You can achieve good dust collection in your workshop. Stick to these four basic principles and your shop will be cleaner than ever.

1. Collect dust at the source

This is one of the most poorly understood aspects of dust collection. You must position the suction hood as close as possible to the source of emission—your lathe, grinder, or other woodworking machinery. It’s crucial that dust be picked up, as it’s generated, and then directed into the collector. If you lose the dust to your shop air, the task of collecting it becomes futile. You will be inhaling that dust and sweeping it from your machines and floor.

2. Maintain sufficient air volume/CFM

You can determine the efficiency of dust capture fairly accurately by a quick visual inspection of your machinery. Inadequate air volume/CFM allows dust from your grinder to escape onto the floor and into the air. Ensuring your ducting is large enough in diameter and efficiently laid out are two ways you can minimize restrictions on airflow.

Most woodworking equipment requires about 250-1000 CFM. The amount of airflow or CFM needed will vary depending on the size and number of woodworking tools running simultaneously. Most average size table saws, planers, and jointers with 2-5 inch diameter ports need approximately 300-600 CFM to clean well. A machine that loses a lot of chips or is emitting a visible plume of fine dust needs more airflow.

For a more comprehensive source on CFM exhaust volumes, check Industrial Ventilation: A Manual of Recommended Practice for Design by the American Conference of Governmental Industrial Hygienists.

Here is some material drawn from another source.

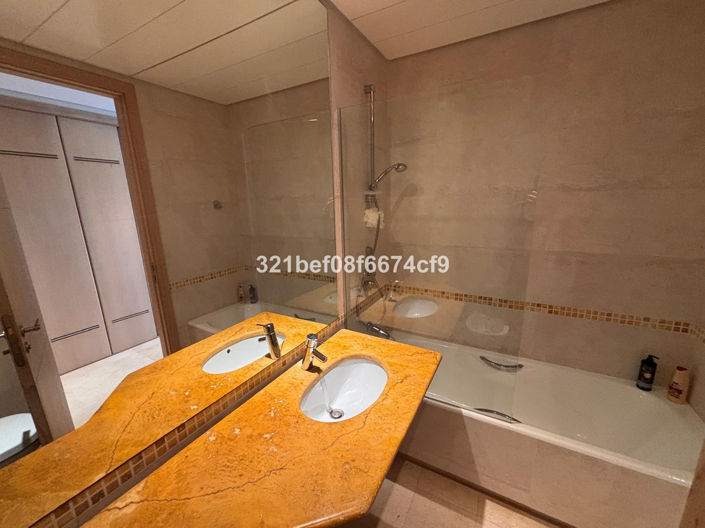 Image No.17-3 Bed Apartment for sale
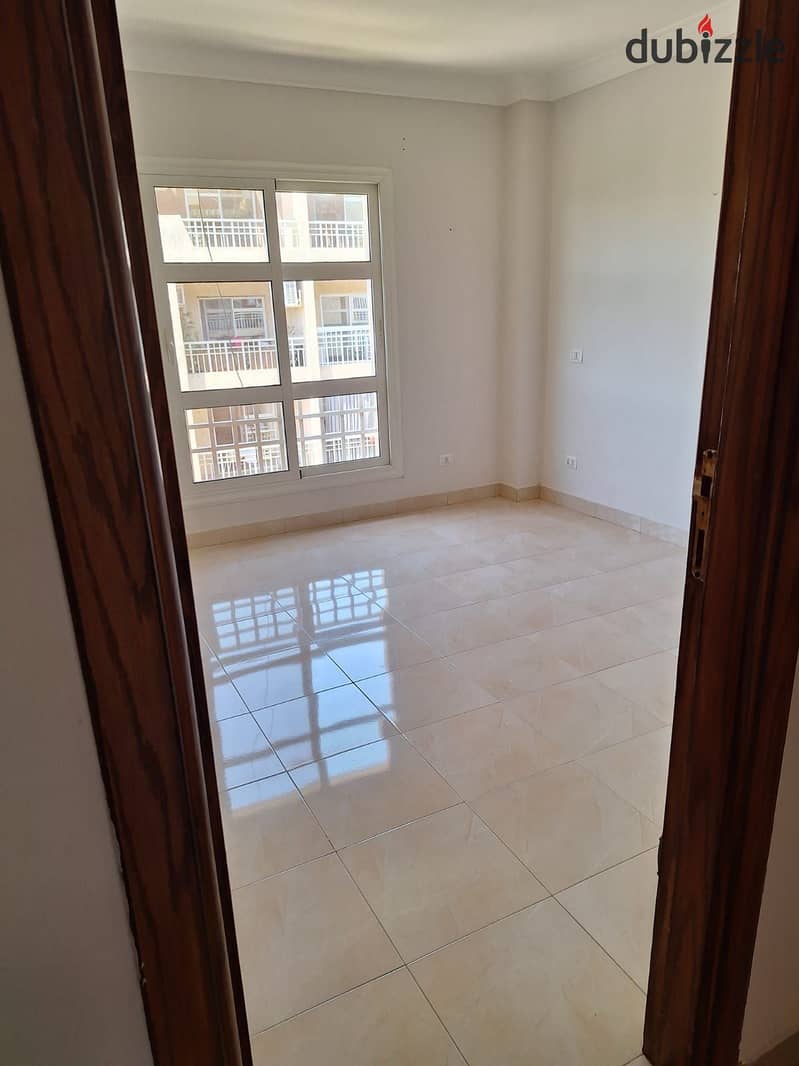 Apartment for sale cash in Madinaty in B7 3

3. Use a cyclone separator

Separating the bulk of the wood waste from the airstream before it reaches the filter keeps the filter from clogging. A collector that dumps all of the dust directly into a filter (using the filter itself as a dust bin) is a very poor design. It will reduce system airflow/CFM and filter efficiency; not to mention that it won’t keep your shop clean. Remember, you are trying to maintain sufficient airflow/CFM at the woodworking machine to prevent dust loss. If the filter clogs too quickly, this becomes impossible.

A cyclone separator can exceed 99% dust separation efficiency, allowing only a very small amount of very fine dust to pass to the filter. The result is that filter cleaning is reduced by a factor of 50 and you maintain a constant, high level of airflow/CFM to the machine.

4. Use a high-quality filter

The final stage in dust collection is filtering the fine dust. It doesn’t make sense to go through all the trouble of collecting the dust if you still allow the finest dust to pass through the filter and out into the shop air. The smallest dust is the most unhealthy to breathe and when it becomes airborne, inhalation is inevitable.

Effective filtration requires a quality filter media of sufficient quantity/surface area. You want to filter near 100%, down to the smallest particle (10 microns or less in diameter)--what industrial hygienists refer to as the PM10 range.

Filter media certified to a certain standard, such as HEPA, is also a must. Ideally, you want a HEPA-rated filter. Most of the dust collectors sold by Oneida Air Systems come standard with HEPA filters certified to be 99.97% efficient at 0.3 microns.

Before purchasing a dust collector, there are a few questions you should ask about its filtration.
    What type of filter is supplied?
    What is its efficiency rating?
    Can a specification sheet be provided?
    Has the filter media been tested by an approved third party agency?

Don’t let dust collection be an afterthought. Follow these four fundamentals to ensure a safer, healthier, and more enjoyable workshop environment.